Preparativos contra a China

Em Washington, o dilema “seja contra a Rússia ou contra a China” que criou tantas divisões no estabelecimento durante a presidência de Donald Trump foi definitivamente resolvido: contra ambos. “A melhor maneira de agir contra a China é derrotar a Rússia”, diz um conhecido analista local, expressando o novo consenso.

Em sua última reunião de ministros das Relações Exteriores, no dia 8, em Bruxelas, a OTAN indicou claramente os preparativos de guerra contra a China que se refletirão no anunciado “novo conceito estratégico” que deve ser aprovado na cúpula do próximo junho em Madri. Pela primeira vez em sua história, os ministros das Relações Exteriores da Coreia do Sul e do Japão participaram de uma conferência da OTAN desse nível em Bruxelas, além dos da Austrália e da Nova Zelândia.
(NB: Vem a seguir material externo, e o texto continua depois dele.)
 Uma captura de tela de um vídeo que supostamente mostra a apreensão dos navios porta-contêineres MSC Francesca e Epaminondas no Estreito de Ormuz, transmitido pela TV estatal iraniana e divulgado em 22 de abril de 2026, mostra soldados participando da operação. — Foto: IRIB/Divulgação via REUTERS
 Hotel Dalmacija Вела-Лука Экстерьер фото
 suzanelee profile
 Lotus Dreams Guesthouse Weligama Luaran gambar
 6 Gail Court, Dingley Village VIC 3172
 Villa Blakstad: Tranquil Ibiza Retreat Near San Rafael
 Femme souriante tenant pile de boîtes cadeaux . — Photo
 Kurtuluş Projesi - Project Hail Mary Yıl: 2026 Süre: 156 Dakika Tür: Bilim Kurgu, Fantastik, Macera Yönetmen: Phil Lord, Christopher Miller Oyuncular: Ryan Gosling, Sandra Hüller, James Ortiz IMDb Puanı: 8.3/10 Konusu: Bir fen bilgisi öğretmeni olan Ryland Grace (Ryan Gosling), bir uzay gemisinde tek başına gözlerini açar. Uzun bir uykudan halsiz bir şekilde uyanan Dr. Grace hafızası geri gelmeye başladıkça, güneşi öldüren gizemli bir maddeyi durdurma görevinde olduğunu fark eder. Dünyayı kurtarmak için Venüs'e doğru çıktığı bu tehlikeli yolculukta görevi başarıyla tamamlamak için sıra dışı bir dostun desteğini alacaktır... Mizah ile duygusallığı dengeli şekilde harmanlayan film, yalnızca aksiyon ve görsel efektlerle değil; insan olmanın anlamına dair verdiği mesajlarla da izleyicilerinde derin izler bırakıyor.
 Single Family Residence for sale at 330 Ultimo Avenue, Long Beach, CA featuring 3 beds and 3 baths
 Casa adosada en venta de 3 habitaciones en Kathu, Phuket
O Japão aderiu às sanções contra a Rússia e desfez em questão de dias todo o progresso na complicada relação bilateral com a Rússia trabalhosamente alcançada sob o mandato de Shinzo Abe. O Aukus (Austrália, Inglaterra e Estados Unidos) anunciou o desenvolvimento de novos mísseis hipersônicos para o cenário asiático. “As políticas coercitivas da China em nível global são um desafio sistêmico à segurança da OTAN”, disse o secretário-geral Jens Stoltenberg.

Os chineses tomam boas notas de tudo isso. “Os Estados Unidos sentem que a força de seus aliados no Pacífico Ocidental não é suficiente e quer envolver toda a OTAN em seu projeto indo-pacífico”, estima o jornal chinês Global Times.

Os resultados da primeira fase da invasão tão ambíguos para Moscou e tão desastrosos para a imagem internacional da Rússia no Ocidente, aumentaram a expectativa de um segundo desastre russo na “Batalha do Donbass” que agora é anunciada e na qual os russos esperam cercar e aniquilar em uma cajadada o maior e mais combativo corpo do exército ucraniano. Resta saber se as armas e recursos ocidentais, bem como os esforços ucranianos, conseguem reverter este propósito novamente.

Em Moscou, o revés da primeira fase gerou uma mistura de mau humor, descontentamento e arrogância entre os propagandistas da guerra que vão à TV. O endurecimento perturbador do discurso contra a Ucrânia, contra a nação ucraniana e contra os ucranianos em geral, é a consequência. Também a emigração: 100 mil jovens russos, em grande parte especialistas qualificados, deixaram o país em março e os números de abril devem ser semelhantes.

Podemos nos perguntar até onde essa loucura irá na Rússia, sem perder de vista essa insanidade muito mais geral que inequivocamente empurra o mundo para uma grande guerra.